Somebody once wrote that all people are born "a little bit happy or a little bit sad." My daughter-in-law and her husband, my son, were both born sunny-side up. Each has a bright soul, good-natured, trusting, always seeing the good in others.
Me, I'm an asshole. Ana has put her trust in me. Like Inspector Clouseau to Kato, she has instructed me to push her relentlessly and to "pay no attention to what I say." But I do pay attention to what she says and I can't be an asshole to her. She's too good a person.
Ana instructed me long ago to correct her English anytime. "When you apply for residency, they don't like to hear when you mispronounce a word." Very sensible. But in the middle of reading a board question? As Inspector Clouseau would admonish Kato, "This is neither the time nor the place!"
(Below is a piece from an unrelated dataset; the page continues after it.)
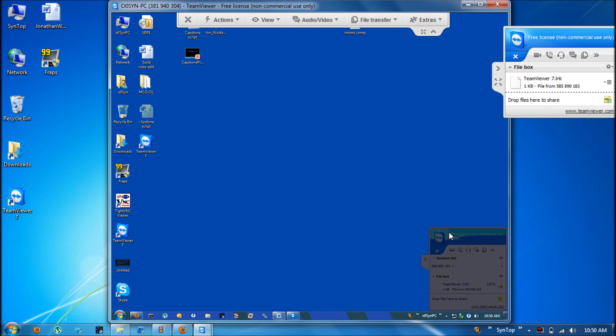You can also use this to transfer drivers or any kind of files to and from both computers. Not strictly just from your computer to the remote one. You can also take files from the remote computer and put them on yours. This can be very useful when you're having problems with drivers or if you want to back up someone's files.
I can be a goof, however. I will say, "Excuse me?" when she mispronounces a word, and she laughs. So I push it. She says a word wrong, sometimes from sheer fatigue, or reverses the order of an abbreviation, "Th1" is an example. "HT1" Ana will say. "That's how we say it in Portuguese," by way of explanation. "Yeah well, see, we're in America now." She laughs heartily. "Diaphragm" is mangled as something like "diaphragmata." "What is that, Latin?"
One question on flashcards that she always got wrong was "Obese people have _____levels of lipid." The answer is obvious to a layman, "increased"--fat people have more fat!--but the USMLE tries to trick medical students with similar-sounding questions. There is a corollary to that one, "Lipocyte levels are ____ in obese people". The answer there is "decreased". When I see Ana hesitating over either of those questions, sometimes I will bend my face toward her and look at her accusingly. A couple of times I have cocked an imaginary gun at her temple. It all makes it fun for both of us, but only a good-natured, trusting soul like Ana would take it always in good humor.
The first time I ever met Ana was a five-minute drive-by as my son was taking her to the airport. I knew immediately that she was the One and texted my son "She's a keeper, don't fuck this up." My instant opinion has only been reinforced, constantly, since that first impression.